San Juan County, Utah v. Rosalie Chilcoat
SocialSecurity
Whether a municipality may be exposed to liability under Section 1983 and Monell v. Dep't of Soc. Servs. of City of New York, 436 U.S. 658 (1978), if municipal officials influence a State actor's decision to take an unconstitutional action, even where the municipality lacks authority to make that decision itself
QUESTION PRESENTED A prosecutor in San Juan County, Utah, acted on behalf of the State of Utah when he made allegedly false statements at the preliminary hearing in the State’s prosecution of Rosalie Chilcoat.
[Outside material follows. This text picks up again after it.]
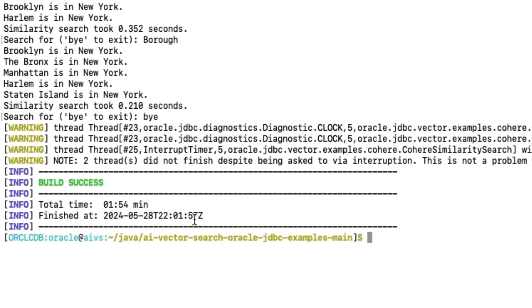By the end of this lab, we'll have a cohesive system for performing AI vector searches using the Oracle database and various machine learning technologies.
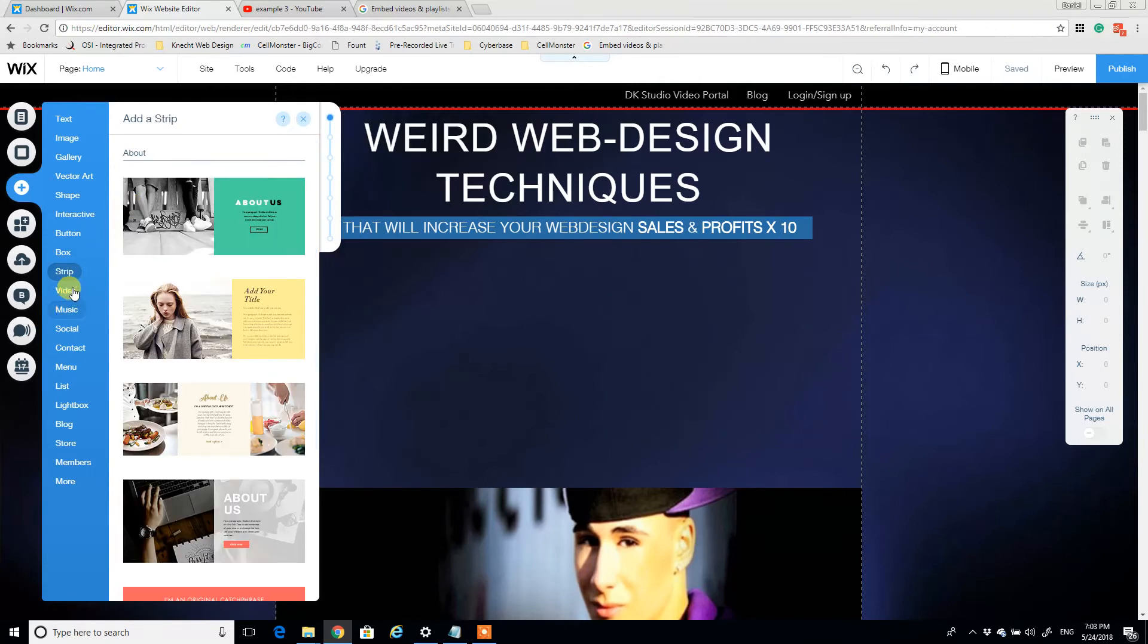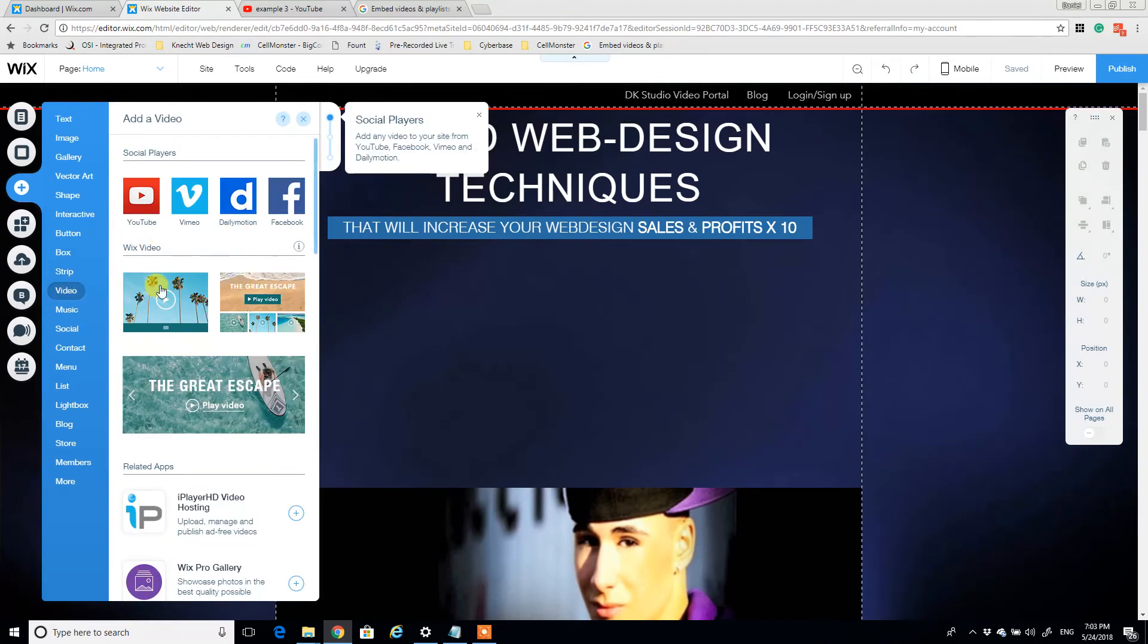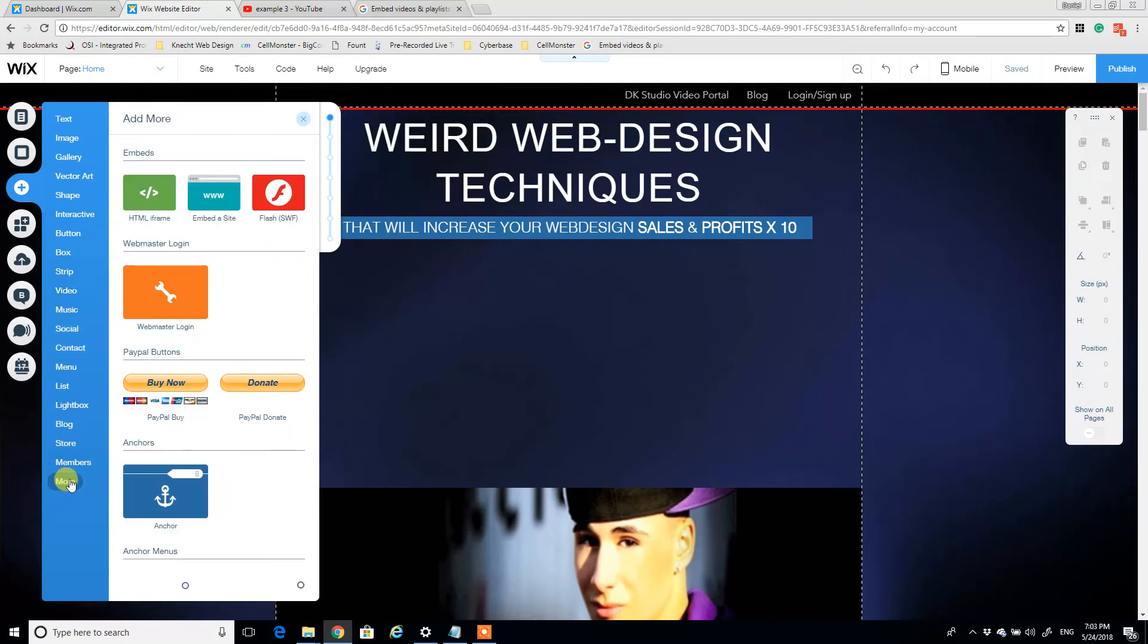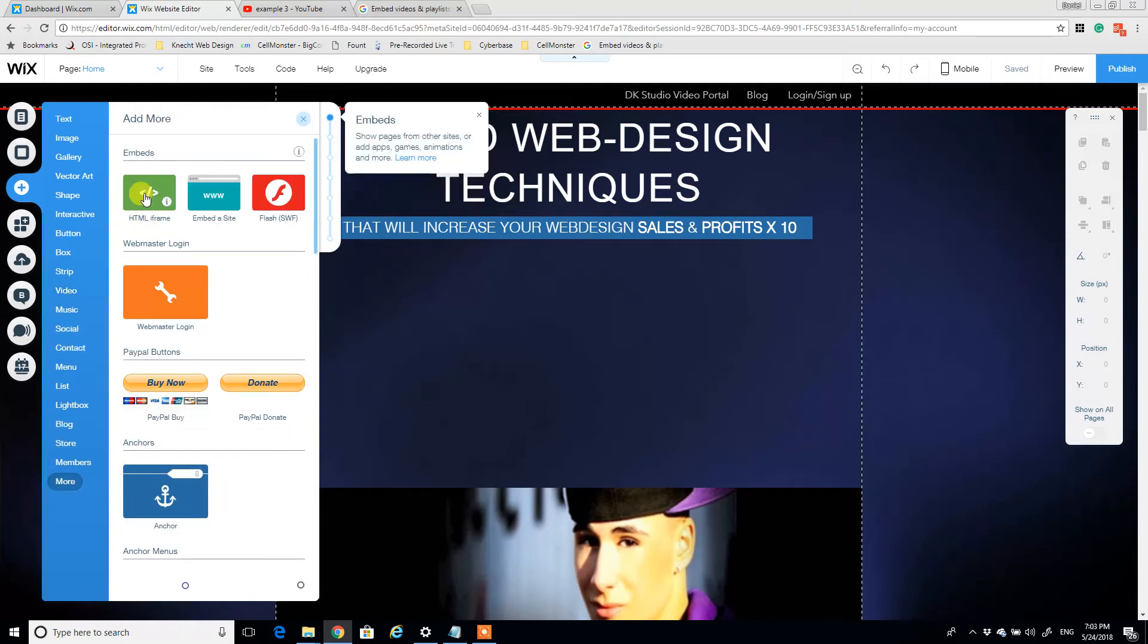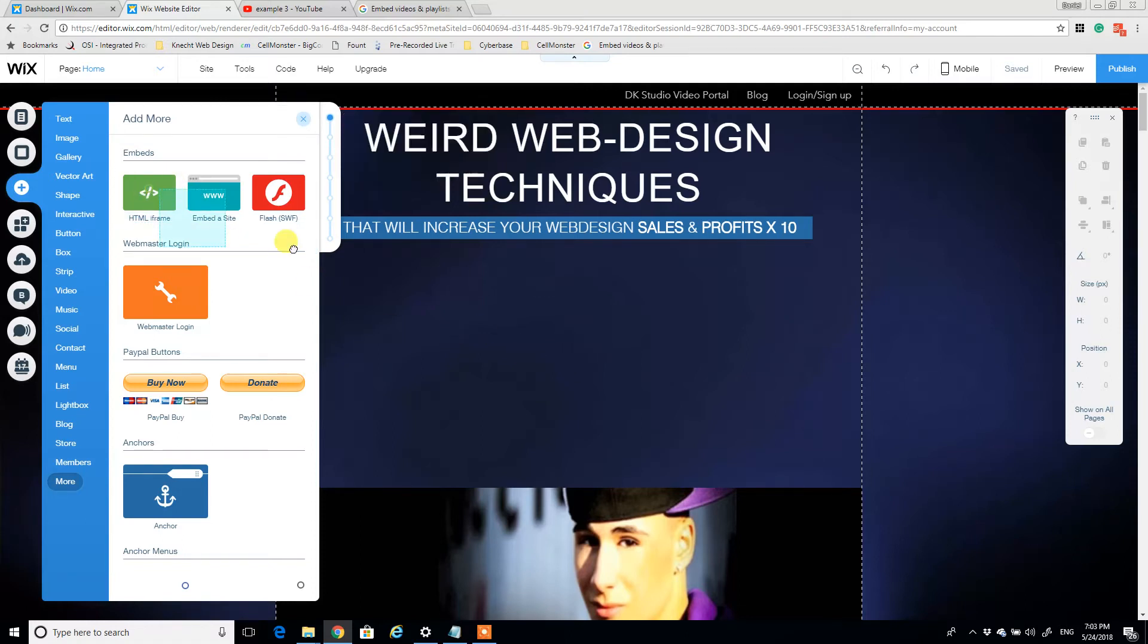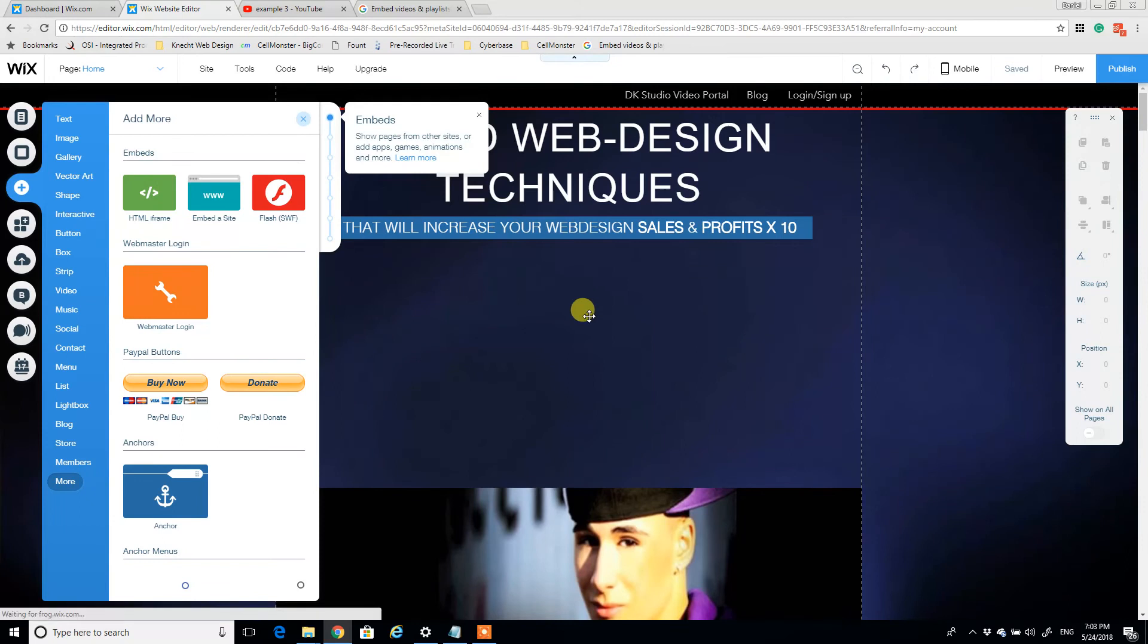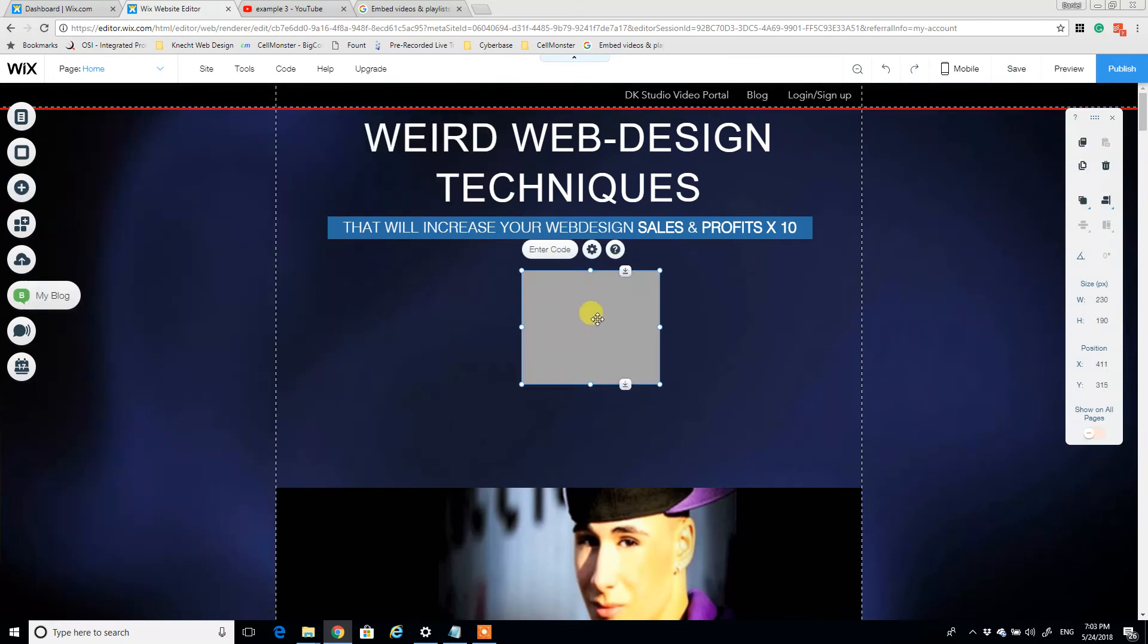We're going to come down to more and just click HTML iframe. If I click that, click and drop, here's where we would embed some code.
The County, therefore, could not be held liable under 42 U.S.C. § 1983 for the prosecutor’s unconstitutional actions as alleged in Ms. Chilcoat’s complaint. So held the United States Court of Appeals for the Tenth Circuit in the proceedings below, affirming the district court’s ruling. But a majority of the Tenth Circuit panel reversed the district court’s decision denying Ms. Chilcoat leave to amend her complaint to allege that the County involved itself in Ms. Chilcoat’s prosecution at a secret meeting among the County commissioners and the County Sheriff, holding that the allegation supported a plausible municipal liability claim. The district court had denied the proposed amendment on futility grounds. The question thus presented is whether a municipality may be exposed to liability under Section 1983 and Monell v. Dep’t of Soc. Servs. of City of New York, 436 U.S. 658 (1978), if municipal officials influence a State actor’s decision to take an unconstitutional action, even where the municipality lacks authority to make that decision itself.